Often, the Bible tells of extraordinary shepherds. A millennia earlier, David, the “shepherd-king” of Israel, had cared for his people, just as he had cared for sheep when he was a boy shepherd in the fields outside Bethlehem. David could write the incredible words of Psalm 23, because he knew what it meant to be a good shepherd, and he knew that God was his good shepherd.

David tells us, “The Lord is my shepherd, I shall not be in want. He makes me lie down in green pastures, he leads me beside quiet waters” (vs. 1-2).  And that isn’t all. The Lord guides. He protects with his rod and staff.

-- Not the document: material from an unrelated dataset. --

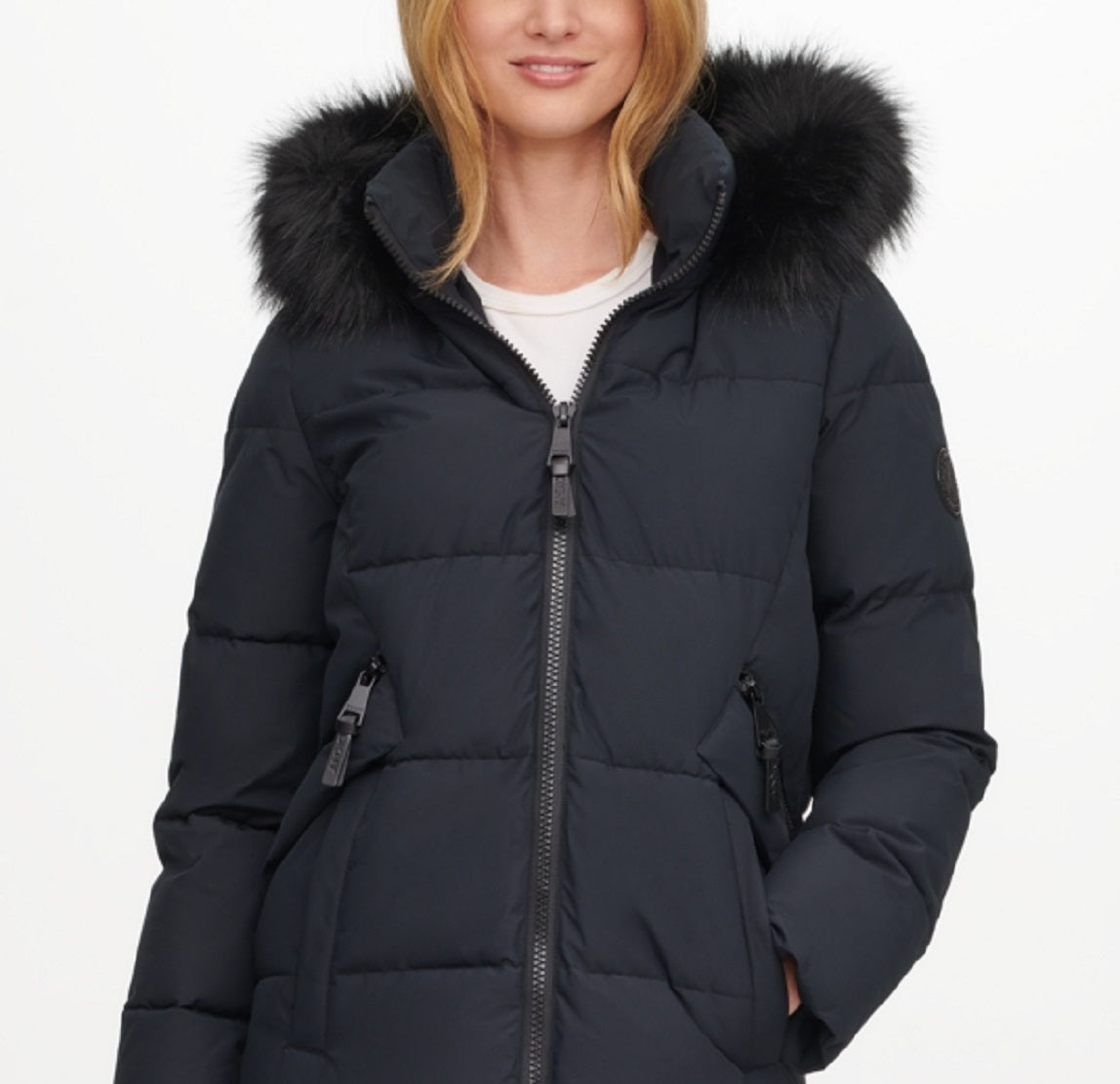 DKNY Women's Faux Fur Trim Hooded Puffer Coat Black Size Medium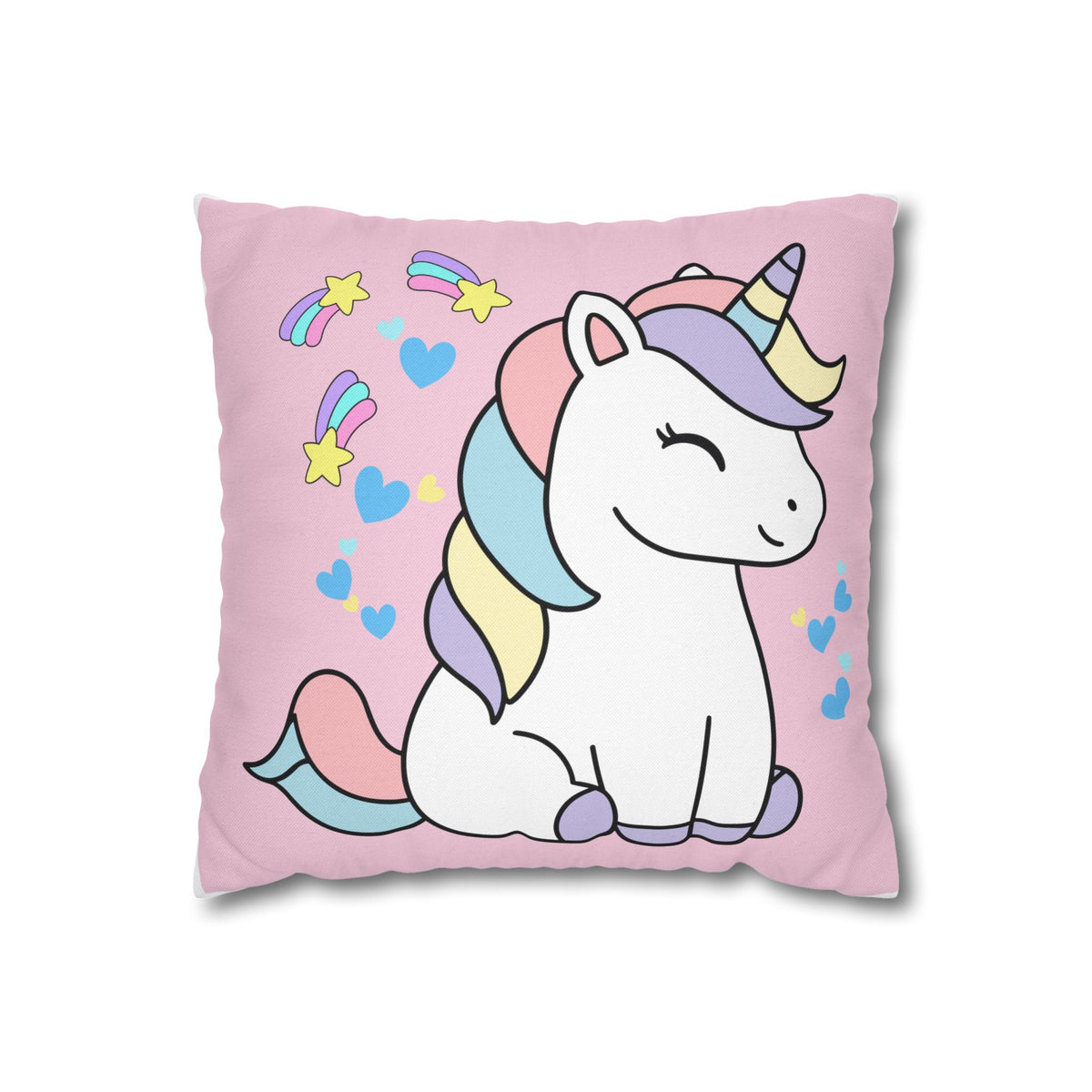 Sleepy Pastel Unicorn Throw Pillowcase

Jesus, the descendant of David, came to be the good shepherd. In the Gospel of John, Jesus said that he knows us as his sheep, and we are to know him (10:14-15). He promised to defend us from wolves, and not run away. But most importantly, he said that the good shepherd lays down his life for his sheep.

So consider this: On the night Jesus’ life began in this world, an inexorable process was set in motion—leading to the day when he would lay down his life for the world. All this in the fashion of a truly good shepherd. So an angelic visitation to shepherds in Bethlehem—men who understood feeding and guiding and saving—was the best way for Chapter One to begin.

Prayer for today, Psalm 23:

The Lord is my shepherd. I shall not be in want. He makes me lie down in green pastures, he leads me beside quiet waters, he restores my soul. He guides me in paths of righteousness for his name’s sake. Even though I walk through the valley of the shadow of death, I will fear no evil, for you are with me; your rod and your staff, they comfort me. You prepare a table before me in the presence of my enemies. You anoint my head with oil; my cup overflows. Surely goodness and love will follow me all the days of my life, and I will dwell in the house of the LORD forever.